Swept Away

It is always amusing when people remake movies that really should not be remade. The new version of Swept Away, based on the 1974 Swept Away...by an Unusual Destiny in the Blue Sea of August is essentially a vanity project by director Guy Ritchie for his wife Madonna. Madonna (The Next Best Thing, Evita) is a dubious actor at best, wildly uneven and usually on the bad side. As a singer, she can constantly reinvent herself and do fresh things with music to keep her relevant in the pop world, but success as an actress requires a completely different set of skills which she does not possess. To say that she is awful here is an understatement. But to be fair, a lot of the blame rests on the script. It is inane and boring, and boasts two of the most unlikable protagonists in recent memory. It is hard to imagine anybody making these characters likable.

Madonna plays what is probably an exaggerated caricature of herself, Amber, the spoiled movie star. She is an absolute primadonna and bitch to be around. She complains nonstop and is harassing Guiseppe (Adrianno Giannini, State Zitti per Favore), one of the crewmembers of the ship she is on. Giannini's father played the same role in the original. Amber, her husband Anthony (Bruce Greenwood, Thirteen Days, Below) and four of their friends rented the boat for a relaxing vacation in the Mediterranean. Unfortunately, Amber whines at every possible moment, and prefers haranguing Guiseppe whenever she can. Guiseppe hates this, but does nothing because he is a crew member. So when the two find themselves shipwrecked on a deserted island, the tables turn. Guiseppe is the only person with the knowledge on how to survive. Amber's wealth means nothing, and she finds she must rely on him for food, shelter, and survival.

So what does Guiseppe do? He returns the favor by essentially making Amber his slave. He treats her like she treated him earlier, not letting her eat, forcing her to sleep on the floor and wash his clothes and all sorts of other demeaning things. And then, improbably, Ritchie (Snatch, Lock, Stock, and Two Smoking Barrels) and original screenwriter Lina Wertmuller (The Worker and the Hairdresser, Francesca and Nunziata) have the two fall in love. Watching two people verbally and sometimes physically abuse each other is not too high on the lists of most moviegoers, and this is what most of Swept Away consists of. It is the insipid characters and their continual actions that doom this movie from the start.

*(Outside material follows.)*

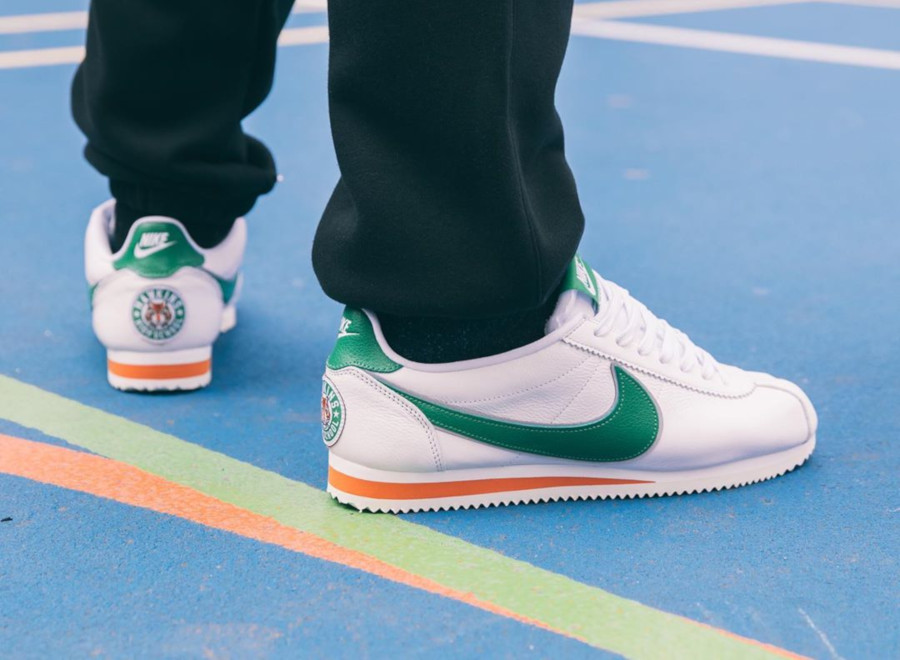 nike cortez og on feet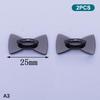 2Pcs Adhesive Metal Phone Charm Holder Smooth Edge Sticky Pendant Hook Finger Ring Grip for  Android Phone Case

Every romantic comedy requires to the two people to dislike each other for a while, just so when they finally end up together, it becomes sweeter. When they virulently hate each other, it's not as fun, and when they make the audience hate them, one wishes that they would just die alone on the island. The original Swept Away had some points to make about capitalism and communism, and Ritchie kept some of the dialogue in the remake, but it becomes hopelessly out of date and extremely out of place. Ritchie is not a director who can handle this kind of movie. He works best in an action movie environment, where he can use flashy camera tricks and special effects to bring out a sense of freneticism. Swept Away requires him to calm down and focus on things, something he has yet to learn how to master.

Haro Rates It: Really Bad.
1 hour, 30 minutes, Rated R for language and some sexuality/nudity.